L’expérience d’Issa Tchiroma : l’appel, la pression et la conquête du pouvoir
Le récit d’Issa Tchiroma Bakary est un exemple édifiant de ce qui se jouait dans les coulisses du pouvoir. En tant que membre influent de l’UNDP, il était persuadé que son parti entrerait au gouvernement dès lors que le principe de la négociation était acté. Il se trouvait à Douala lorsqu’il a été contacté en pleine nuit par le Premier ministre de l’époque, Achidi Achou, sur “très haute instruction du président de la République”. Tchiroma, réticent et méfiant, a d’abord hésité. Mais la pression s’est exercée à travers son tuteur, qui lui a intimé l’ordre de se rendre à Yaoundé, arguant que “quand on forme un parti politique, c’est pour la conquête de tout, ou parti du pouvoir”. Cet épisode souligne l’influence des hommes d’affaires et des mentors dans les choix politiques.
Le moment décisif est la conversation avec le Premier ministre. Tchiroma apprend que si le parti s’est vu offrir un certain nombre de postes, son nom n’y figure pas. Le président Biya veut alors savoir si c’est parce qu’il refuse le poste ou s’il a été mis de côté. L’influence d’un homme d’affaires, “Baba Danpulo”, est à nouveau cruciale. Il lui rappelle que malgré son passé dans l’opposition, le président accepte de le prendre dans son gouvernement et qu’il doit accepter. Tchiroma accepte finalement, posant une seule condition : que le vice-président de son parti, “un véritable architecte”, soit également inclus dans la liste.
Tchiroma, un “outsider” révélateur des arcanes du pouvoir camerounais
Le parcours d’Issa Tchiroma Bakary, cet “outsider” à la fois pro-Biya et révolutionnaire, est un miroir des mécanismes complexes de la politique camerounaise. Son histoire montre comment un leader de l’opposition peut être coopté, obtenant non seulement une place au gouvernement mais aussi un parti politique, grâce à la main tendue du président Paul Biya.
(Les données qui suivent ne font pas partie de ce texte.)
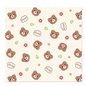 Self Adhesive Wrapping Cloth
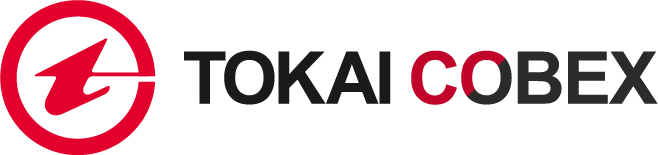 190820_TOKAI-COBEX_Kombi-Logo_RGB.png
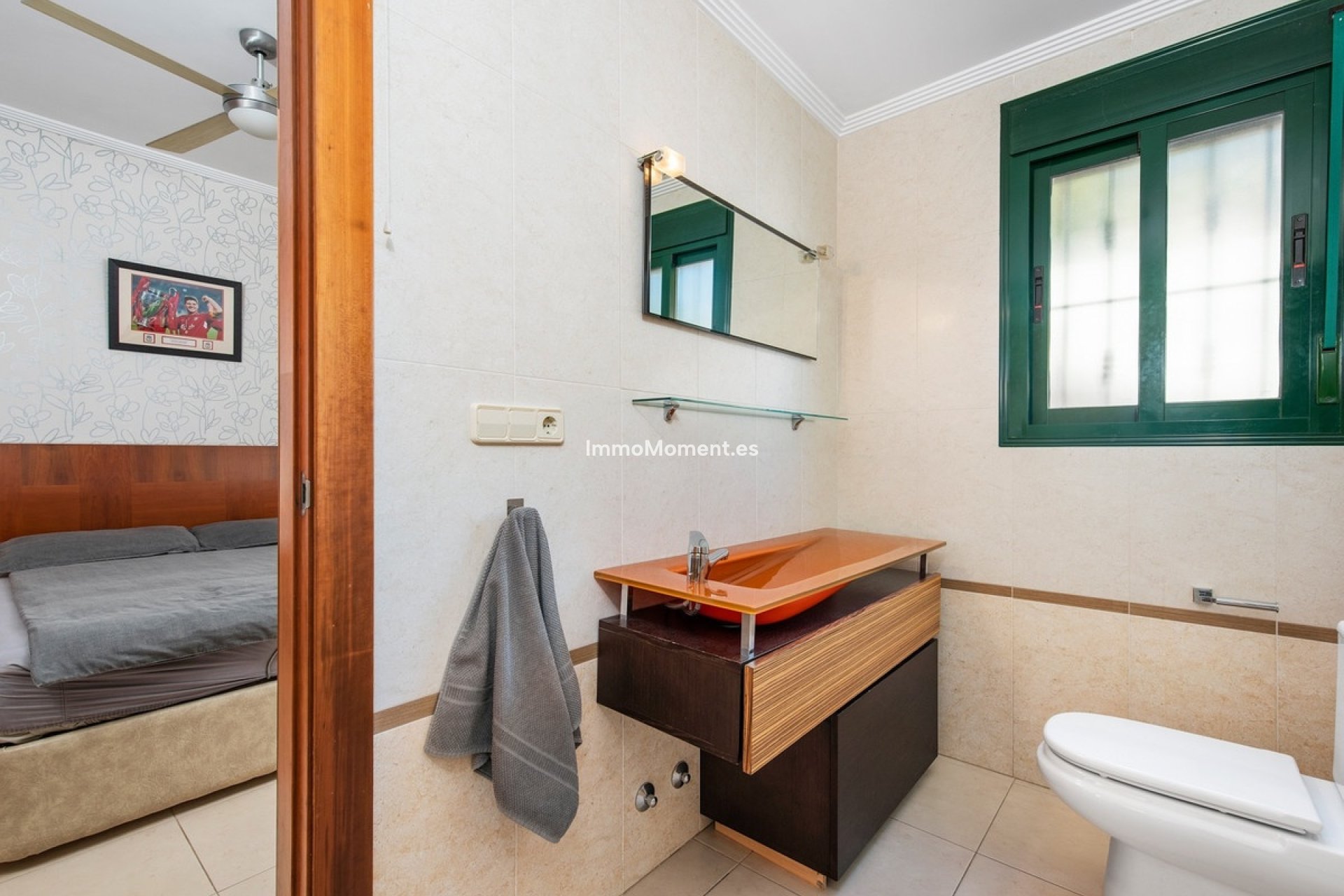 Bestaande woning - Vrijstaande villa - Rojales - Ciudad Quesada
Ce récit nous enseigne que le pouvoir ne se gagne pas toujours par la force des urnes présidentielles, mais souvent par des alliances, des négociations discrètes et une compréhension fine du rôle des institutions, notamment l’Assemblée nationale. Pour les jeunes Camerounais et les observateurs de la vie politique panafricaine, l’histoire de 1992 et le chemin parcouru par Issa Tchiroma Bakary restent une leçon d’une pertinence frappante. Elle nous invite à la vigilance et à l’analyse des jeux d’influence qui se déroulent loin des projecteurs, dans le “secret du silence”.